[The Mystery of Edwin Drood by Charles Dickens]@TWC D-Link bookThe Mystery of Edwin Drood CHAPTER XX--A FLIGHT 2/17
Jasper's self-absorption in his nephew when he was alive, and his unceasing pursuit of the inquiry how he came by his death, if he were dead, were themes so rife in the place, that no one appeared able to suspect the possibility of foul play at his hands.
She had asked herself the question, 'Am I so wicked in my thoughts as to conceive a wickedness that others cannot imagine ?' Then she had considered, Did the suspicion come of her previous recoiling from him before the fact? And if so, was not that a proof of its baselessness? Then she had reflected, 'What motive could he have, according to my accusation ?' She was ashamed to answer in her mind, 'The motive of gaining _me_!' And covered her face, as if the lightest shadow of the idea of founding murder on such an idle vanity were a crime almost as great. She ran over in her mind again, all that he had said by the sun-dial in the garden.

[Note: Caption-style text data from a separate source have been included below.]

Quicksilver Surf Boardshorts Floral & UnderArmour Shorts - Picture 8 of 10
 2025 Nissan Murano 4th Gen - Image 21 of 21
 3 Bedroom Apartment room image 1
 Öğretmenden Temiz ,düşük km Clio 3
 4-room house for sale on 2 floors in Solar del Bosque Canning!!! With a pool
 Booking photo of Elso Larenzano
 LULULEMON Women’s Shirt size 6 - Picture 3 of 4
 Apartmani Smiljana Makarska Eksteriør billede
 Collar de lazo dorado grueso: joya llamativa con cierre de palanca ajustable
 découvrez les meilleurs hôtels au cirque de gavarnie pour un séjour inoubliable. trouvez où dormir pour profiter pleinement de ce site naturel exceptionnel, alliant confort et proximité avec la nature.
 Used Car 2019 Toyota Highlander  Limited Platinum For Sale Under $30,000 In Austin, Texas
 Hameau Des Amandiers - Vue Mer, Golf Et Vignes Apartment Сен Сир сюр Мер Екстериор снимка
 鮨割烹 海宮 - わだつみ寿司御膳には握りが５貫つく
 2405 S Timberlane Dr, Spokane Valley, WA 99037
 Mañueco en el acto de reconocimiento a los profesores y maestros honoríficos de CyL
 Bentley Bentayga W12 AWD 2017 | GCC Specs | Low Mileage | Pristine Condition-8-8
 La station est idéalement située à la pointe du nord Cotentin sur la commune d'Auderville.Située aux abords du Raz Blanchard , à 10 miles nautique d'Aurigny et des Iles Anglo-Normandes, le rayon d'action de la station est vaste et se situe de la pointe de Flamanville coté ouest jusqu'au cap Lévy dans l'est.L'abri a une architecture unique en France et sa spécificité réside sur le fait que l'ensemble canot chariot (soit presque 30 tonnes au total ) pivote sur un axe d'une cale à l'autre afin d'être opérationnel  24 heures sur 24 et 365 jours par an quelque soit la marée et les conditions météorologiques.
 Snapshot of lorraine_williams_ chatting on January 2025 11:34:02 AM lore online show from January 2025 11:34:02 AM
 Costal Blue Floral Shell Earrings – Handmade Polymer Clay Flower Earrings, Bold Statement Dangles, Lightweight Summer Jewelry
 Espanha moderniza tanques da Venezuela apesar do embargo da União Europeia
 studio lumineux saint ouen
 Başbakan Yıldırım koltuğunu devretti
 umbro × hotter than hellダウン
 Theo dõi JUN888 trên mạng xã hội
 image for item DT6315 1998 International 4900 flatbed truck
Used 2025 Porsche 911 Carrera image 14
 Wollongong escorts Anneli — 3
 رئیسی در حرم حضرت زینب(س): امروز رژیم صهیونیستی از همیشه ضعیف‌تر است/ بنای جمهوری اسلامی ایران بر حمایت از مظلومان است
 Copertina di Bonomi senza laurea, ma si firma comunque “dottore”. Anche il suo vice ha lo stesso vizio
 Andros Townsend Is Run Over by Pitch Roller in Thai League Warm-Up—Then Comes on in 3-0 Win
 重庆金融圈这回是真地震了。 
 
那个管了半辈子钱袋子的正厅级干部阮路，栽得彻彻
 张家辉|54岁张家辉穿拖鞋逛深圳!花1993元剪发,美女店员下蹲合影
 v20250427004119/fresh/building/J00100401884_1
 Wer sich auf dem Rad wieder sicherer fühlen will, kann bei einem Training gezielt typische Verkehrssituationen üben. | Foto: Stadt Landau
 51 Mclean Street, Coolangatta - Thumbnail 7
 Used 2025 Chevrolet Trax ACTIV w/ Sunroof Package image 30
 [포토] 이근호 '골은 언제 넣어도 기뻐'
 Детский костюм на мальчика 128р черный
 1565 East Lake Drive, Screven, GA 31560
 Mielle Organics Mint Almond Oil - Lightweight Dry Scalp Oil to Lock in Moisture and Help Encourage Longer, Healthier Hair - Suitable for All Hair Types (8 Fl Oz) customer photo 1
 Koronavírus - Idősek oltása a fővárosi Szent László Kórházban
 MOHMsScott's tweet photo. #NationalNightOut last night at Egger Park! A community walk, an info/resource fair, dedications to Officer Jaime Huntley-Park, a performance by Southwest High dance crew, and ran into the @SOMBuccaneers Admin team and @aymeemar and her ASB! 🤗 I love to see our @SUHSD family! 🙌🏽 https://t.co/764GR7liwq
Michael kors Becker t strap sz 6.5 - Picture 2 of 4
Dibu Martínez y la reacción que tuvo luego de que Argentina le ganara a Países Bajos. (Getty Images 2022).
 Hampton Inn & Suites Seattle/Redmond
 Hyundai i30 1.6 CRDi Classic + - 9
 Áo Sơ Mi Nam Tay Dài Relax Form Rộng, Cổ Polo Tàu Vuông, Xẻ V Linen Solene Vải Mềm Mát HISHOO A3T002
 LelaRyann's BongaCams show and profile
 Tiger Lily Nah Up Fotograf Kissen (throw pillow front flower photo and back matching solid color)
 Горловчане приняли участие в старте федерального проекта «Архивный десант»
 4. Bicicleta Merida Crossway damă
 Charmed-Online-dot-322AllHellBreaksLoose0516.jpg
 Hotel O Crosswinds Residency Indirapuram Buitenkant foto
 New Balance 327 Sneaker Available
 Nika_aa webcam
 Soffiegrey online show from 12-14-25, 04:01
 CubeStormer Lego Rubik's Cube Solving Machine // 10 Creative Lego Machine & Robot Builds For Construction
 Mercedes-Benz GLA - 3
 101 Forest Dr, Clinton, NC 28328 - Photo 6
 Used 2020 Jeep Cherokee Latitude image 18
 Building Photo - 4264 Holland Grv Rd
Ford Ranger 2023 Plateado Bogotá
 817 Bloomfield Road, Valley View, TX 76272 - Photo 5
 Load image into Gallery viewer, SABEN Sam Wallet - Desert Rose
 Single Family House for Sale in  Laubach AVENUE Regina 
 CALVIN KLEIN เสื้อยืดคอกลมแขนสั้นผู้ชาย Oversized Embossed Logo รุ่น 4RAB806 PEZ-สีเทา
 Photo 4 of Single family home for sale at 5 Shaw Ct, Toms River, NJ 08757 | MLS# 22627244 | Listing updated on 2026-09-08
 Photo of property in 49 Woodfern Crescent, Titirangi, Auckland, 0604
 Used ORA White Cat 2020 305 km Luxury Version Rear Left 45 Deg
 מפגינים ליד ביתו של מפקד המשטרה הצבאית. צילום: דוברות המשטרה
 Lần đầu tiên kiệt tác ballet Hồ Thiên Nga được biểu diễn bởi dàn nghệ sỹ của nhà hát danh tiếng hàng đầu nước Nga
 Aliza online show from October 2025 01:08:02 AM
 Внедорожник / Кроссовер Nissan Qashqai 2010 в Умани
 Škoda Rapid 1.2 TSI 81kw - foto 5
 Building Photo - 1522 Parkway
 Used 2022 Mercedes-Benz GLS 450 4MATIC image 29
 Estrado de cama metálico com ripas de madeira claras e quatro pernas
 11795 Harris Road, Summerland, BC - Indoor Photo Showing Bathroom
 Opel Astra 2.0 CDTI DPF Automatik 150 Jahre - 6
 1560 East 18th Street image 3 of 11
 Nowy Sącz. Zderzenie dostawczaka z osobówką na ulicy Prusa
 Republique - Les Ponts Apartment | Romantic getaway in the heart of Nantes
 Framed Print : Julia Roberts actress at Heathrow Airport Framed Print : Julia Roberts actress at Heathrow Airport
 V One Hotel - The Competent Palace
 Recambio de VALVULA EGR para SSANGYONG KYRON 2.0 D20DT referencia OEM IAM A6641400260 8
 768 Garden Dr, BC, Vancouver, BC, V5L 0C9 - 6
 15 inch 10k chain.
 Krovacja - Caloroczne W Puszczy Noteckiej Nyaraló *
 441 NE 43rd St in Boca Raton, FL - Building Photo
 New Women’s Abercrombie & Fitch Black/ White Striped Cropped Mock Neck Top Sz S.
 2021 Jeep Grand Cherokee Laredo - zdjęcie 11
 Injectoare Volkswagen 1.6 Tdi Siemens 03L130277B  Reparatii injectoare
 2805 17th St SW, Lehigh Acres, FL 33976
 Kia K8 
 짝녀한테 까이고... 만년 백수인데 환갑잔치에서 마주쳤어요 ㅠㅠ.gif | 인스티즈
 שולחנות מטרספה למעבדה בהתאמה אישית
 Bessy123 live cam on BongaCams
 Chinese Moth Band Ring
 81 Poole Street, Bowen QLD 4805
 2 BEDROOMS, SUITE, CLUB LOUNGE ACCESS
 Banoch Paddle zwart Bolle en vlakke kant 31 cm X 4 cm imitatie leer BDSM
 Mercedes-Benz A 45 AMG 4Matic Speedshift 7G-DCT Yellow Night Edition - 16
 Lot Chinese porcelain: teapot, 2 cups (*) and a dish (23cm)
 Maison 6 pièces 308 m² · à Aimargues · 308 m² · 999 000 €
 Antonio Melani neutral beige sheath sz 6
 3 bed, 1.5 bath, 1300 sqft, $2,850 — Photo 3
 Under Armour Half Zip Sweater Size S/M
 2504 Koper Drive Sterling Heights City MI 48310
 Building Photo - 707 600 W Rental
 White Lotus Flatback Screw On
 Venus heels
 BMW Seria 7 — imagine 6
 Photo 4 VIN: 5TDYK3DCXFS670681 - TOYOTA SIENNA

He had persisted in treating the disappearance as murder, consistently with his whole public course since the finding of the watch and shirt-pin.
If he were afraid of the crime being traced out, would he not rather encourage the idea of a voluntary disappearance? He had even declared that if the ties between him and his nephew had been less strong, he might have swept 'even him' away from her side.
Was that like his having really done so? He had spoken of laying his six months' labours in the cause of a just vengeance at her feet.